La transition énergétique, qui implique une demande croissante en minerais stratégiques, pourrait permettre aux pays africains riches en ressources naturelles de mieux tirer profit de ces gisements. C’est en substance le message phare délivré par la Banque mondiale dans son rapport «Africa’s Resource Future» publié le 10 mai 2023. D’après l’institution de Breton Woods, ces pays qui ne captent qu’environ 40% des revenus du marché mondial, peuvent plus que doubler leurs recettes provenant des minerais, grâce à cette tendance mondiale à privilégier les énergies respectueuses de l’environnement.
En effet, ces pays cultivent un véritable paradoxe depuis plusieurs décennies. Malgré les trésors enfouis dans leur sous-sols, leurs populations baignent dans la pauvreté. L’augmentation des recettes de l’Etat n’a pas permis de réduire cette précarité. La croissance annuelle de leur PIB par habitant était en moyenne inférieure de 1,5% aux niveaux moyens enregistrés dans les pays peu dotés en ressources naturelles.
Pis, selon la Banque mondiale, d’ici 2030, plus de 80% des pauvres de la planète résideront en Afrique subsaharienne, et près de 75% de ces personnes seront originaires de pays dont les sous-sols regorgent d’hydrocarbures et de minerais. Des pays tels que la RDC, le Zimbabwe, ou encore le Niger.
Cette malédiction des ressources pourrait être brisée, dans un contexte marqué par l’abandon progressif des combustibles fossiles par de nombreux pays dans le monde. Un virage vers les énergies vertes qui devrait entrainer une hausse de la demande en cobalt, lithium, cuivre et en nickel, des minerais nécessaires pour produire les turbines éoliennes, les panneaux solaires et les piles.
Mais pour bien profiter des retombées de cette transition, ces pays miniers doivent revoir le mode de gestion de ces ressources naturelles. «Les minéraux, le pétrole et le gaz représentent un tiers, ou plus, des exportations de la plupart des pays d’Afrique subsaharienne, mais les pays ont eu du mal à convertir cette richesse en croissance durable par le passé. La dépendance régionale vis-à-vis des prix mondiaux des produits de base a conduit à une gestion sous-optimale des ressources publiques lorsque les prix sont élevés, et à des crises économiques et budgétaires lorsque les prix s’effondrent», expliquent les auteurs du rapport.

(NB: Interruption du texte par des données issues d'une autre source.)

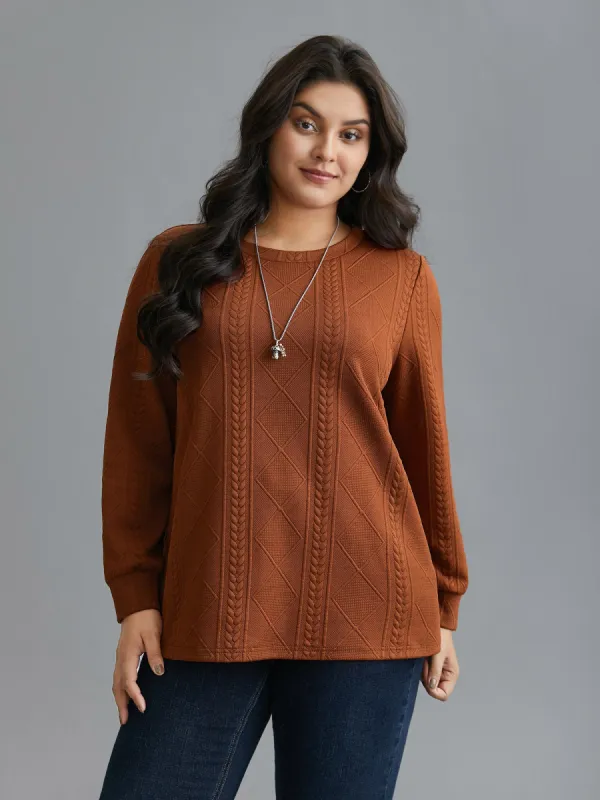 Textured Round Neck Stretchy Sweatshirt sold by Bloomchic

Mettre en place une taxation des ressources naturelles
L’autre grand défi à relever, c’est la bonne gouvernance secteur extractif. «La bonne gouvernance et la bonne gestion macro-fiscale des revenus des ressources, tout en préparant un avenir à faibles émissions de carbone, sont au cœur de la transition énergétique et doivent jouer un rôle central dans la transformation économique de l’Afrique», souligne la Banque mondiale.
Le rapport invite aussi ces Etats à mettre en place une taxation de ces ressources pour facturer le coût total des impacts environnementaux et sociaux qui ne sont pas toujours entièrement couverts par les producteurs, y compris les ressources pétrolières. «Maximiser les recettes publiques sous forme de redevances et d’impôts payés par les industries exploitant les ressources naturelles, tout en attirant de nouveaux investissements, offrirait un double dividende pour les populations et l’environnement augmentera la marge de manœuvre budgétaire, et permettra de supprimer les subventions implicites à la production», suggère James Cust, économiste principal chez la région Afrique de la Banque mondiale et coauteur du rapport.

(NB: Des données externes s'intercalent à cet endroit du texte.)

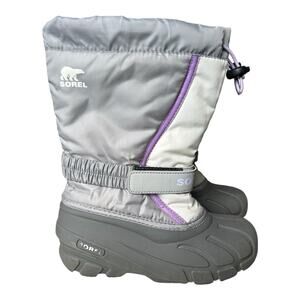 Sorel Flurry Winter Boots Youth Girls Size 3 Dove Euphoric Lilac Winter Snow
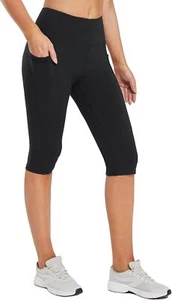 BALEAF Women's Capris with Pockets Knee Length Capri Medium, Black-lycra - Picture 1 of 7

Lire aussi : Transition énergétique: la demande des minerais stratégiques va exploser, voici les pays africains qui en profiteront
Par ailleurs, la Banque mondiale a mis en exergue les avantages de la future Zone de libre-échange continentale (ZLECAF) qui encouragera la promotion de l’intégration régionale, notamment à travers la suppression progressive de 90% des droits de douane au cours des cinq à dix prochaines années, et l’harmonisation des taxes et redevances minières en Afrique.
D’après Albert Zeufack, directeur pays de la Banque mondiale pour l’Angola, la RDC, et Sao Tomé-et-Principe, et co-auteur du rapport, «une approche régionale du secteur extractif permettrait la création de chaînes de valeur qui ajoutent plus de valeur et créent plus d’emplois pour les personnes vivant dans des pays riches en ressources».
Le secteur des minerais étant caractérisé par son instabilité, les auteurs du rapports invitent les gouvernements africains à préparer la prochaine chute des prix des matières premières, en investissant dans des secteurs productifs comme la santé, l’éducation, les infrastructures, les forêts, l’agriculture, et l’écotourisme.